- REQUIRED WORK
In the records below, find the line holding "Western Floral Slim"; copy it and every line after it to the end, omitting all images.

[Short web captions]
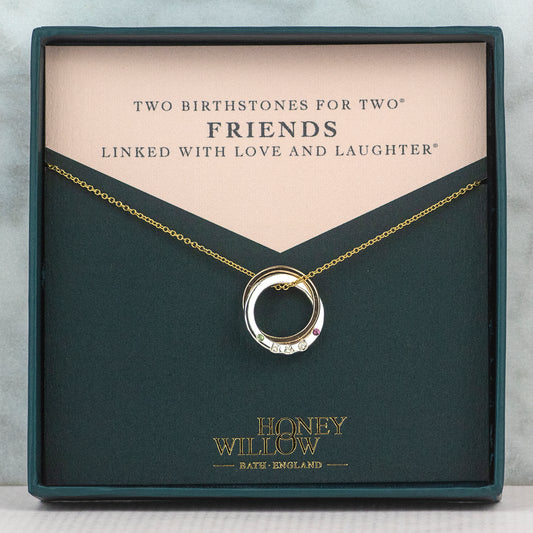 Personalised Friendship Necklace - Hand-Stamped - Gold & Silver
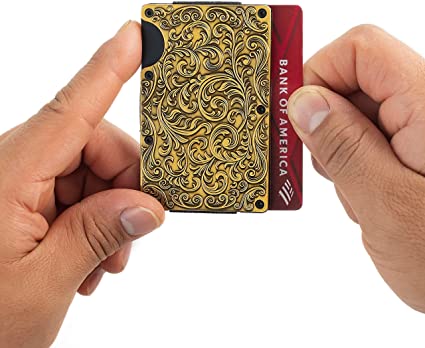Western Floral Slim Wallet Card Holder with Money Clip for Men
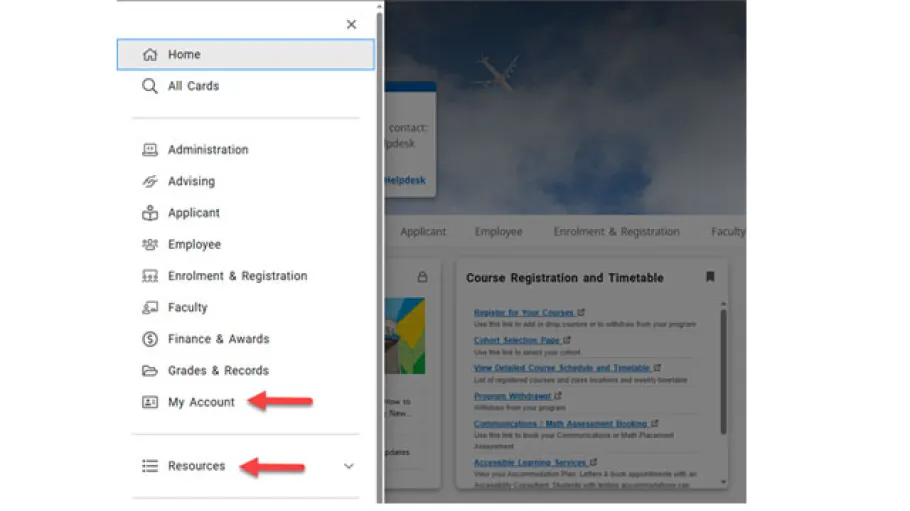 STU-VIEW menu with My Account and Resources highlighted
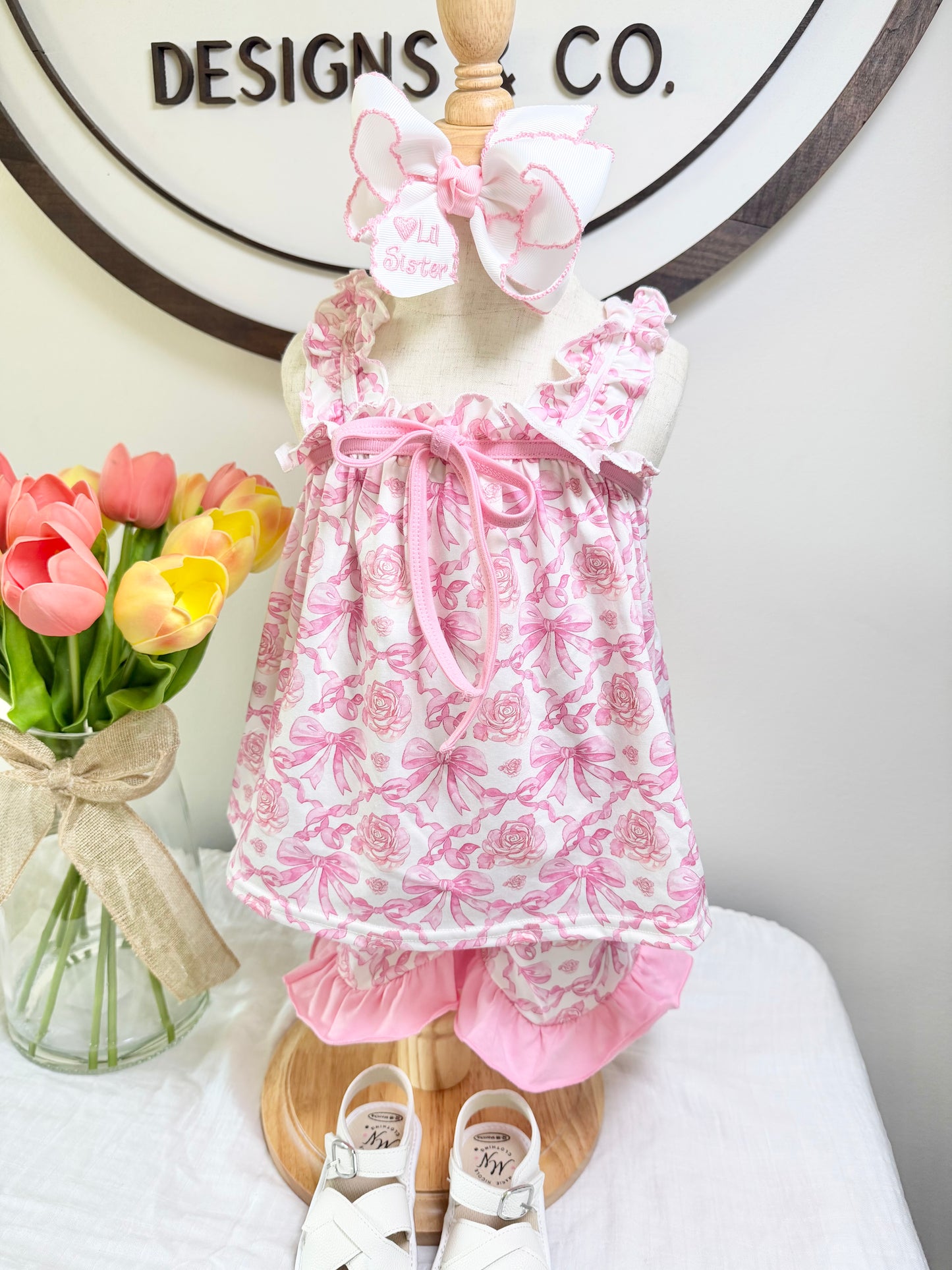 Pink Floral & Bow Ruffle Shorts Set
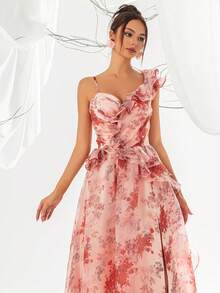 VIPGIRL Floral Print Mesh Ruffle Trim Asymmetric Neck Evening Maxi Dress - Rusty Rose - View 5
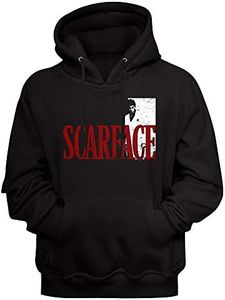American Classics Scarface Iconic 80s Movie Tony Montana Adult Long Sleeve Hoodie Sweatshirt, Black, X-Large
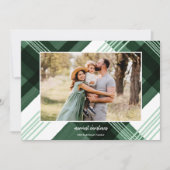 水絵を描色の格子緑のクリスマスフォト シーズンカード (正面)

- TASK ANSWER
Western Floral Slim Wallet Card Holder with Money Clip for Men
 STU-VIEW menu with My Account and Resources highlighted
 Pink Floral & Bow Ruffle Shorts Set
 VIPGIRL Floral Print Mesh Ruffle Trim Asymmetric Neck Evening Maxi Dress - Rusty Rose - View 5
American Classics Scarface Iconic 80s Movie Tony Montana Adult Long Sleeve Hoodie Sweatshirt, Black, X-Large
 水絵を描色の格子緑のクリスマスフォト シーズンカード (正面)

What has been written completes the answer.